The present invention relates to improvements in repeater cases and design thereof for high density subscriber lines. Repeater cases have been known for years and the technology was well developed for T1 telecommunication lines. The cases are designed to hold sensitive telecommunications equipment in relatively unfavorable environments. In particularly, they are designed for installation in manholes or on telephone poles exposed to the weather. Accordingly, in order to protect the contents, the housing of the cases provide environmental protection and seal the contents from the impact of the environmental elements such as water, insects, and the like.
The repeater cases, which were originally designed to hold T1 line cards, have been used to hold HDSL modules. The HDSL modules work well in the T1 repeater case, except that it has been found that the modules prematurely fail due to excessive heat build up in the case. Premature failure adds considerably to the cost in having to replace the modules. The modules are fairly expensive in the first instance and replacement, of course, creates additional expense. There is also a problem of loss of reliability and performance arising from the premature failure. Obviously, when a module fails, it needs to be replaced and there is a cessation of service. If there are several module failures, the maintenance costs will also rise in addition to the cost of the module itself. There is a need in the art for a solution to the heat build-up problem in the HDSL cases.
In addition to the heat causing the electronics to fail, applicant has found another failure mode arising from high heats in the repeater case. The material of the connectors to which the cards are mounted fatigue, causing dimensional instability, warping and cracking. This, in turn can cause a loss of connection between the module and the connector, leading to performance failures.
The present invention fulfills one or more of these needs in the art by providing a repealer case for high density subscriber lines including a repeater base, a repeater housing having interior walls forming a sealed enclosure with the base, a plurality of module slots wherein the module slots are configured to receive HDSL-4 circuit board modules and wherein the HDSL-4 circuit board modules are cooled through thermal conductivity with thermally conductive contact with certain of the interior walls of the repeater housing. The thermally conductive material is not being required for structural support of the modules or their electrical functioning.

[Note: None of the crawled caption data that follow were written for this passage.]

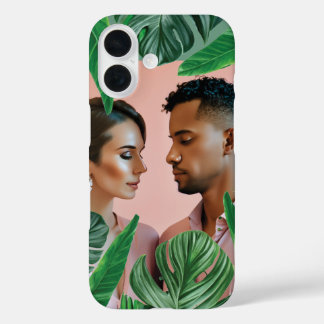 Groene Oerwouden Planten Monstera laat tropische f iPhone 16 Hoesje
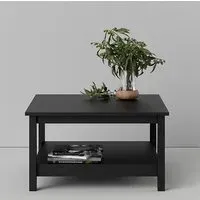 Barcila Square Coffee Table - Black, Laminated Board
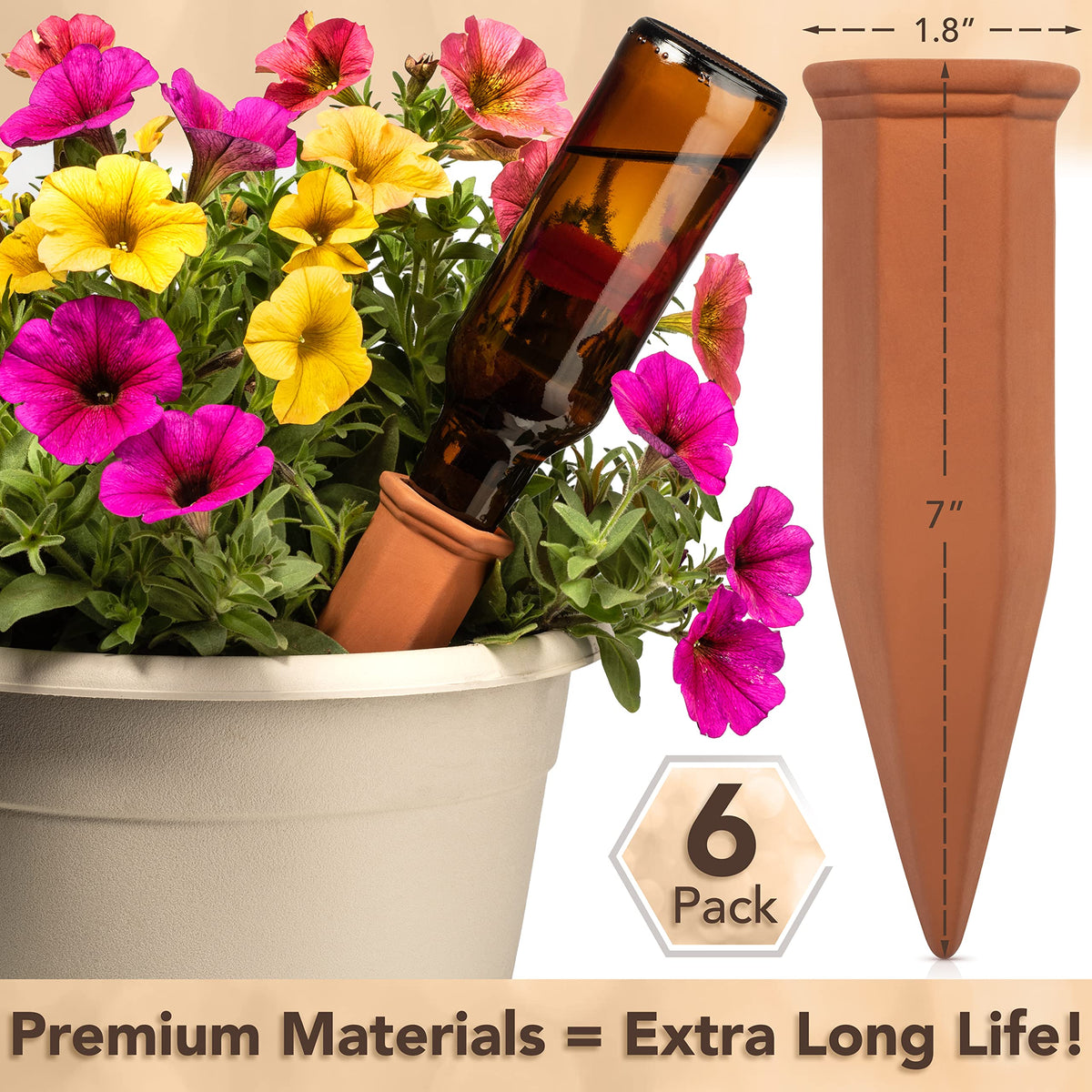Compact 6-pack highlights portability and simple installation.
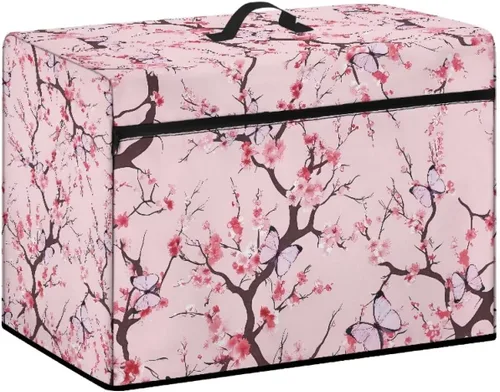 Vista 38 de Funda para máquina de coser de flores hippie grande, cubierta antipolvo, protección de fácil limpieza para máquina de coser, resistente a las Flor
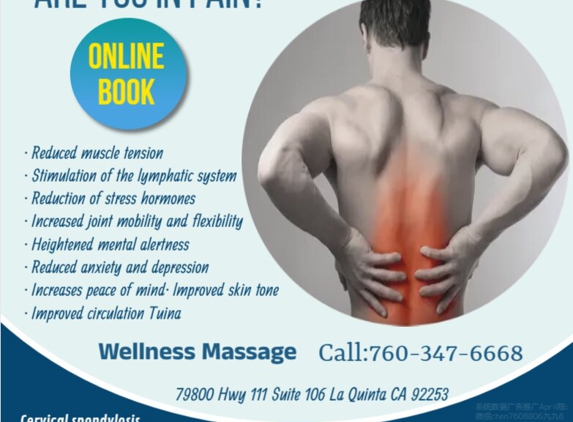 Wellness Massage - La Quinta, CA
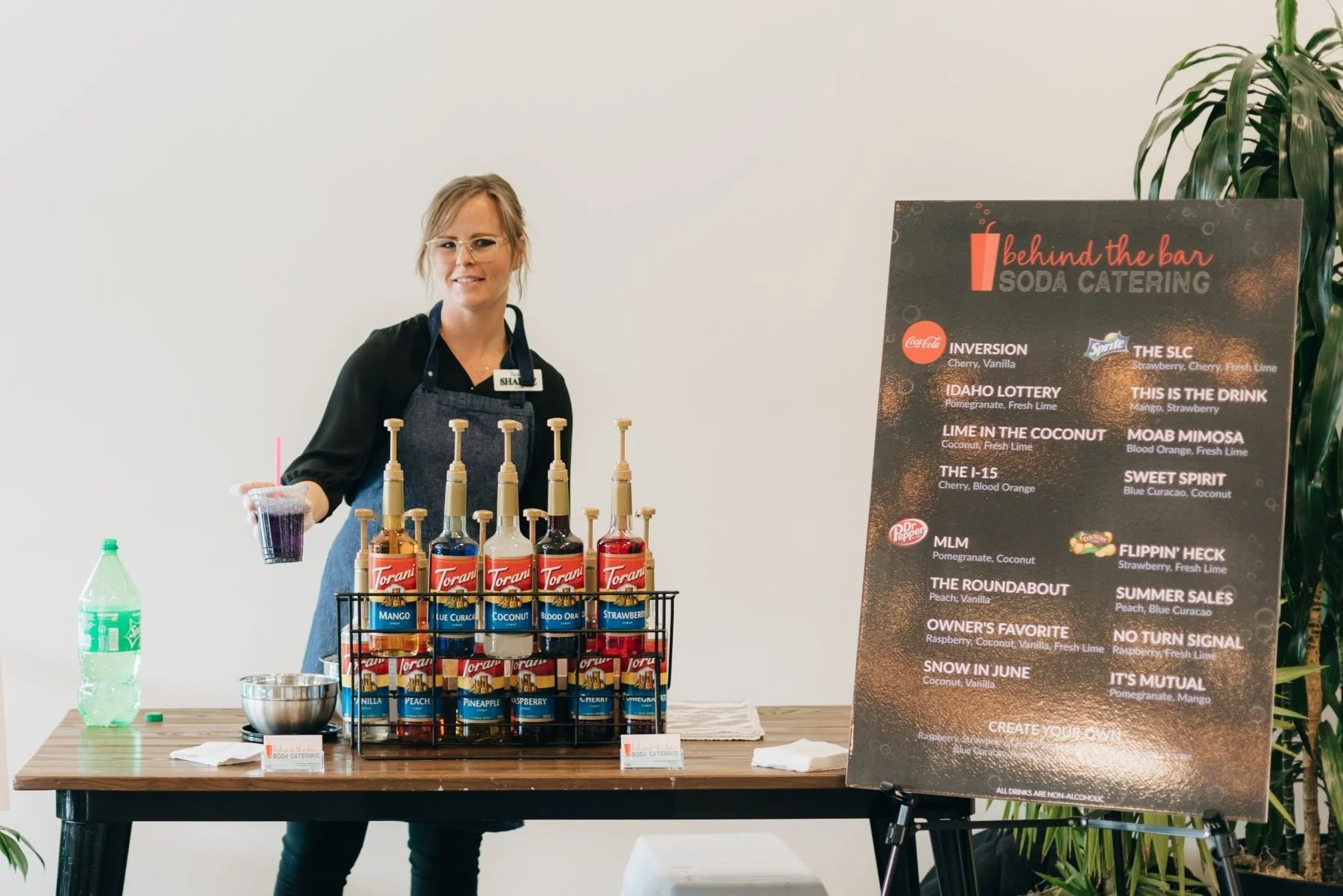 Mixologist Serving Drinks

The apparatus may further include a cable inlet in the repeater case which has the capability to receive high density subscriber lines. The sections of the repeater case are made from a high temperature plastic. The repealer housing has a lid with an interior wall and typically includes a layer of thermally conductive material attached to the interior wall of the repeater housing lid. This layer of thermally conductive material preferably includes an exterior layer of aluminum foil on the top and bottom of the layer of thermally conductive material. A preferred thermal conductive material is G974 Therm-A-Gap material.
The repeater base of the repeater case can have up to twenty-five module slots to receive the HDSL-4 circuit board modules. The HDSL-4 circuit board modules further include connectors which are mounted to a circuit boards. These connectors are preferably made of a high temperature plastic, and the circuit board is preferably made of phenolic. The connectors, which receive the HDSL-4 circuit board modules are electrically connected to the cable inlet in the repeater housing case in conventional fashion through the phenolic board. The repeater case is typically comprised of three different sections, the repeater case, the repeater housing, and the repeater base.
After the HDSL-4 circuit board modules are mounted in the module slots and the connectors are connected to the high density subscriber lines via the cable inlet, the sections of the repeater case may be closed. A rubber gasket is placed between the repeater base and the repeater housing, and the repeater housing is bolted to the repeater base. Then, a rubber gasket is placed between the repeater case and the repeater housing lid, and the repeater housing lid is bolted to the repeater housing. When the repeater housing parts are connected, the repeater case is sealed and protects the HDSL-4 circuit board modules within from the environment. The interior of the housing may be pressurized in conventional fashion.
When the repeater housing lid is put in place, the thermally conductive material and the aluminum foil layer comes into contact with the tops of the HDSL-4 circuit board modules. When the lid is closed and tightened, the thermally conductive material compresses sufficiently against the HDSL-4 circuit board modules to make a good thermal transfer contact. The layer of thermally conductive material receives the heat generated by the HDSL-4 circuit board modules, and the heat is then distributed through the thermally conductive material layer. From there, the heat is radiated through the repeater housing lid to the outside, thereby keeping the heat build-up within the repeater case to a level which permits the HDSL-4 circuit board modules to operate and function without failure.
Preferably, the modules are mounted in high temperature connectors. The connectors are made of a plastic that can withstand the temperatures expected in the housing without fatiguing or deforming, and are, in turn, mounted to a phenolic circuit board.
The invention also provides a method of converting a repeater case so as to dissipate thermal energy from high-density subscriber lines including providing repeater case including a base, housing and lid; and installing a thermally conductive material in the lid sized so as to come into contact with the tops of HDSL modules mounted in the repeater case when the lid is mounted on the case. The method may include installing connectors for the HDSL modules in the case that are made of a plastic selected to withstand the expected operating conditions of the repeater case without warping.